Ruby finished with one of the ceremony’s most emotional moments. “I’ll miss him every day,” she said.
Her brother Roy Valentine described how time became precious towards the end of their dad’s life.
“Some people’s grief is like lightning, fast and sudden and loud,” he said. “Ours was like thunder. It had been rolling in for the last two years – metastasised, terminal, incurable, palliative. As Dad said, none of those words you want to hear in a sentence, let alone all of them from an oncologist.”
Roy spoke about how the family all slept in the same room ahead of Valentine’s voluntary assisted dying.

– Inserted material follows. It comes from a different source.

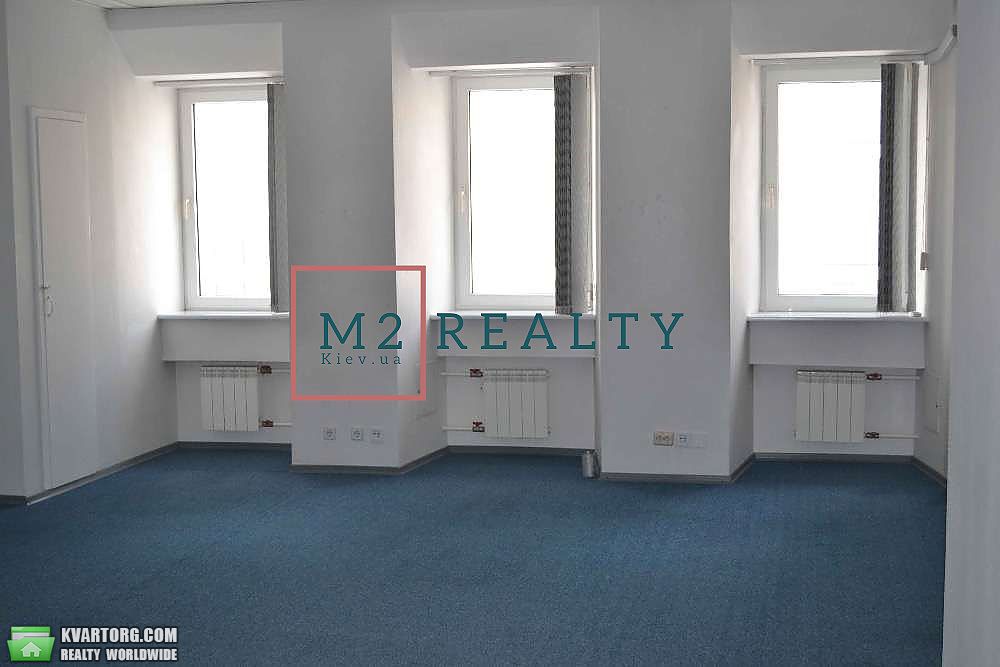 Sell office. Киев,  Пирогова — photo 3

“We comforted him the entire way, and he felt strong enough to let go with us,” he said. “We didn’t want him to feel it necessary to hold on for us, he didn’t feel like he could, and he asked us so politely, ‘I know it’s horrible but I really need to go’. It was such a comfort to know that he really, truly wanted that.”
The ceremony closed with a New Orleans tradition: a jazz funeral march down the centre aisle – with Valentine’s beloved saxophone carried up front – as guests stood and applauded.
But there was a final flourish for listeners to the service on 702 Sydney.
In a pre-recorded message, Valentine thanked listeners, producers and everyone at the ABC for making the event happen.
“Thank you for listening, and thank you for letting me do it,” he said, before his final radio sign-off. “Goodbye.”